Lucas was exhilarated. Renville’s deliberate discourtesy was as nothing. This was his design and clearly a success. He had never doubted it, but he hugged to himself the knowledge that his instincts had not lied. Several architects from eminent London practices paused to congratulate him and discuss his work at length. He was conscious of Renville’s scowl at the attention he was receiving, but he felt elated. Elated that at last his hard work and his mother’s sacrifice were to be rewarded. And this was real reward, definite reward, not plans in formation or dreams in the sky, but actual offers of commissions. This was his moment.

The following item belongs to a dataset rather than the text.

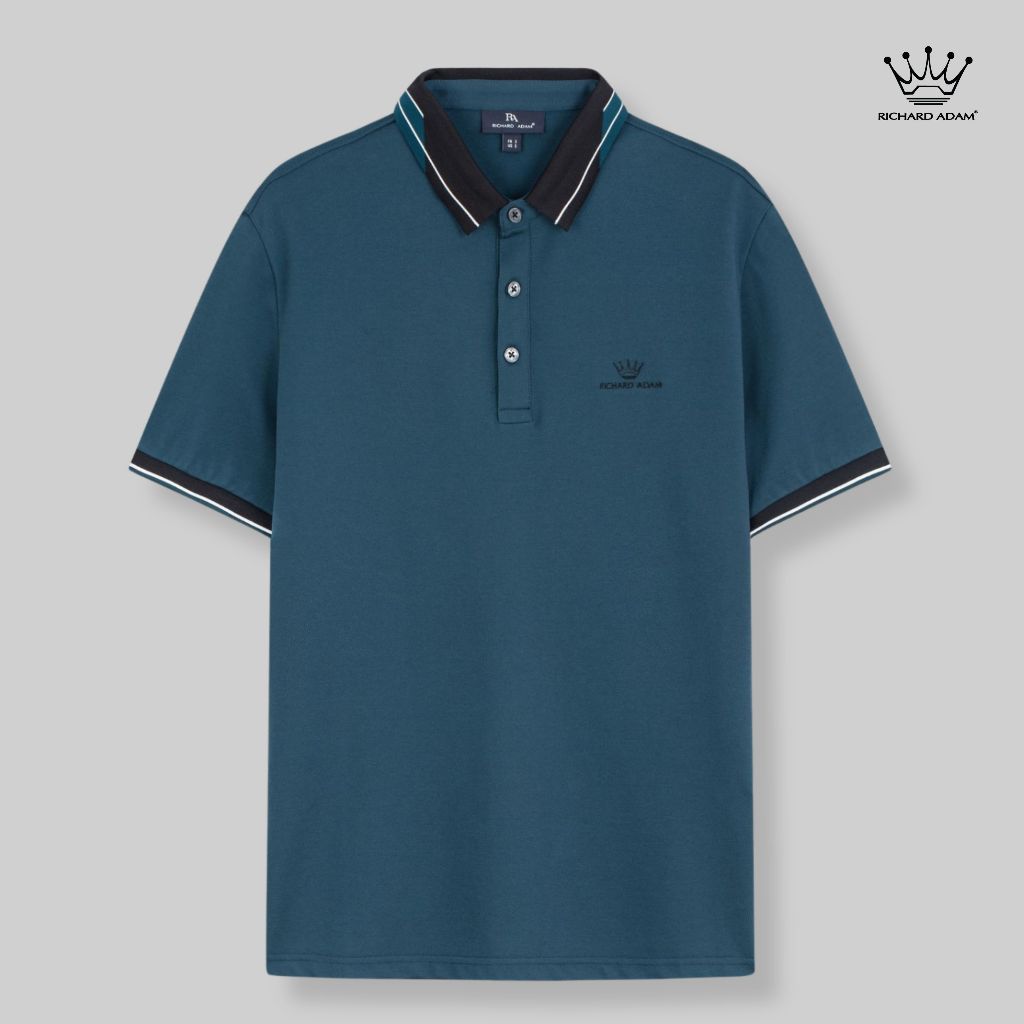Áo thun polo nam có cổ RICHARD ADAM chính hãng họa tiết phối cổ trắng chất vải cotton cao cấp chống bai dão - PL040521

Then he saw her. More the shadow of a movement than a flesh-and-blood form. From behind one of the slender marble pillars a flash of blue dress, the very same that she had worn when first they had met. But now it carried the grime of the streets on its hem and hung limply from newly thin shoulders. The figure hovered on the very edges of the pavilion and he looked again, hardly able to believe what he saw. She was transformed: gaunt, bedraggled, starved even. Her face had a pallor that spoke illness and in her hand she clutched a white handkerchief that was ominously stained. She was ill! My God, what had happened? He remained rooted to the floor, unable to move or make a sound. What had happened? What had happened? The cruel refrain beat ceaselessly through every fibre of his body. Her eyes were staring straight into his, their brown depths huge in the ravaged face. The message was clear: come to me. He wanted to run to her side, to take hold of her, comfort her, kiss her, keep her safe. But at that moment Renville turned and she disappeared from view. He should run after her, but he could not. Her husband stood feet away. The pavilion was full. Too many people to witness a scandal in the making. The end of a career that was only just beginning.